Mas o que é lutar contra o racismo hoje? É simples: é lutar contra o racismo institucionalizado na educação, na mídia, nas empresas e, principalmente, no estado. E o que é racismo institucionalizado? Sabe quando o policial para você e seus amigos, mas só os negros são tratados com rispidez e são revistados? Ou quando os programas de TV teimam em colocar negros como personagens secundários, quase irrelevantes, e muitas vezes com propósitos questionáveis (homem branco adora ver mulher mulata semi-nua, não é mesmo, Globeleza?). Ou também quando te confundem com segurança ou garçom de estabelecimento por estar de terno (se nunca passou por isso, as chances de você ser branco são altas). Pior, sabe quando te acusam por estar roubando um estabelecimento só por ser negro (as vezes até te matam)? Ah, tem mais uma. Sabe quando você é mulher, negra, e ascende por puro talento ao patamar mais cobiçado por jornalistas no país e te acusam por estar lá por pura cota ou lacração do jornal? Isso é racismo institucionalizado. Esse racismo não é direcionado nem explícito, ele não advoga o fim das conquistas negras nem alega que o racismo não existe e não deva ser combatido, mas ele é tão ruim quanto qualquer outro tipo de racismo, e está em todo lugar.

Não sou de esquerda. Pelo menos não dessa esquerda tradicional brasileira. Me descobri liberal aos 19 anos. O liberalismo me despertou olhares para problemas que antes eu nunca enxerguei. Problemas econômicos e sociais amplos e que abrange muito mais os debates que frequentemente são importados de outros países ou que são mais relevantes do que o nosso próprio interesse corporativista. Isso me fez levantar bandeiras tanto esquerdistas quanto liberais. Sou a favor da legalização do aborto, da legalização das drogas e ando junto com o movimento LGBT e negro. Também defendo mercados libertos e economia de mercado sustentável e justa. Recomendo muito a leitura de pessoas como Acemoglu, Amartya San, Rawls, Stuart Mill, Friedman, Harari, Mises, Walter Block, Adam Smith, Locke, entre outros. A esquerda aprenderia muito com eles. E, infelizmente, a direita também, já que apesar do termo, muitos liberais e conservadores preferem ler autores obscuros e irrelevantes. E atesto aqui, com louvor, que é sim a esquerda, seja ela socialista ou não, que hoje defende os negros com veemência. As vezes de forma até equivocada, mas sempre defendem.
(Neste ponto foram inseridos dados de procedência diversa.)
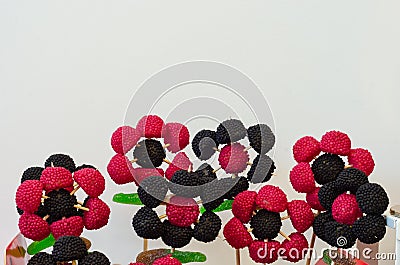 Red and black candy berries Stock Photo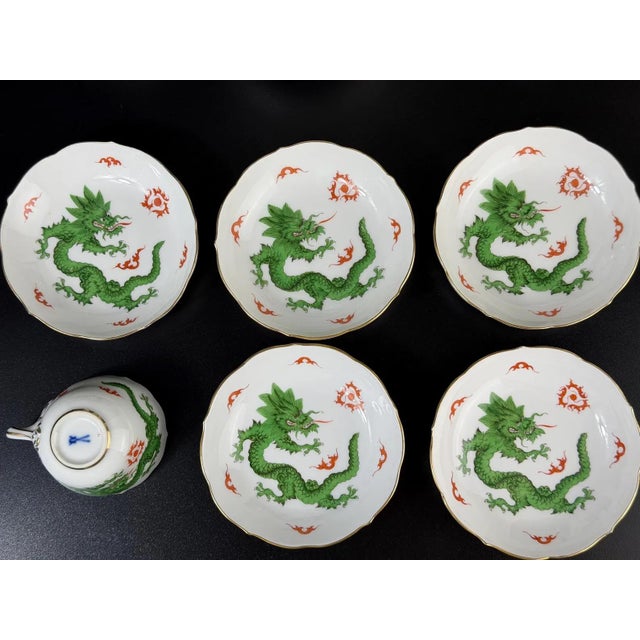 Vintage Ming Dragon Tea Set from Meissen, 1920s, Set of 13 For Sale - Image 9 of 18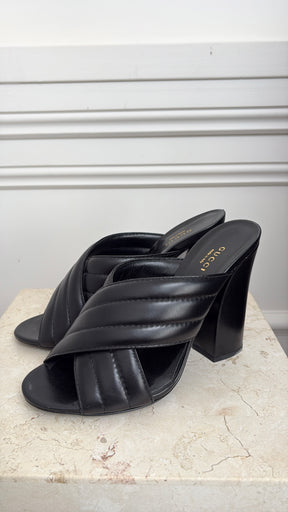 Gucci Black Leather Quilted Crossover Heeled Mules, 40.5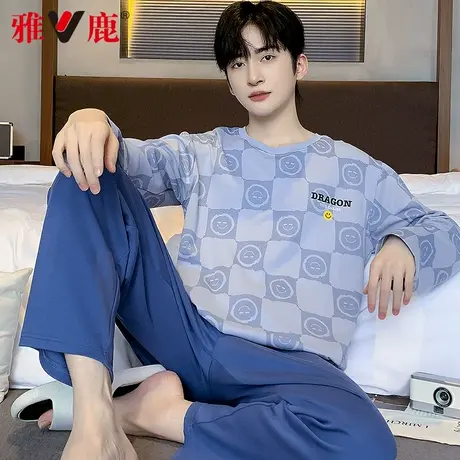 雅鹿青少年睡衣男高中生套装春秋2025新款100%纯棉长袖家居服男士图片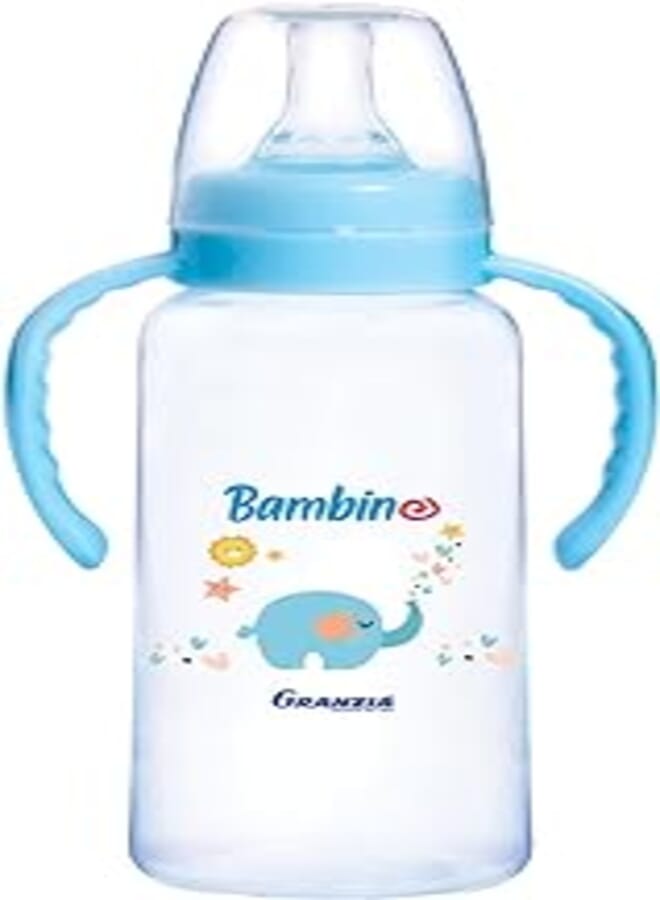 Granzia Bambino Classic Baby Feeding Bottle Blue 300 ML With Hand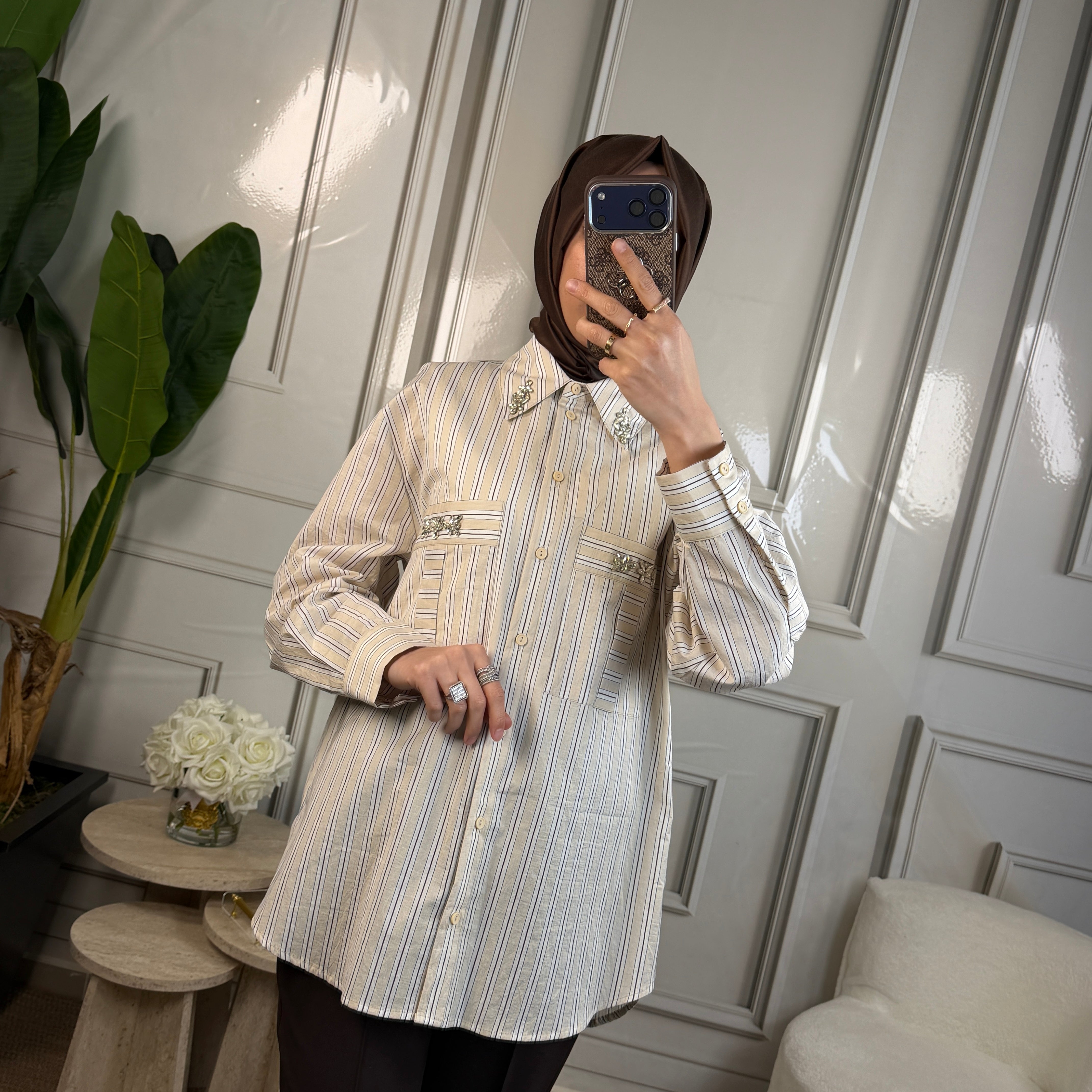 Clande Çizgili Taşlı Gömlek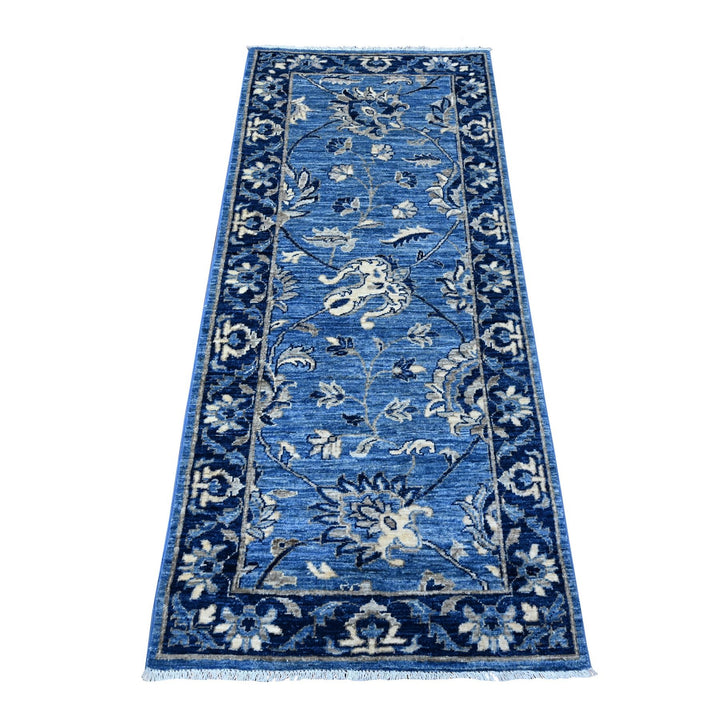 2'6" x 5'10" New Hand Knotted Blue Wool Runner Oriental Rug - MOA10289042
E isso é fruto do simples desdém de liberais que não conhecem o próprio liberalismo e não entendem que ele é sim antirracista e casa muito bem com valorização individual que o liberalismo tanto defende.

Que Maju Coutinho tenha sucesso em seu trabalho e que inspire milhões de garotinhas e garotinhos negros que é sim possível chegar lá um dia.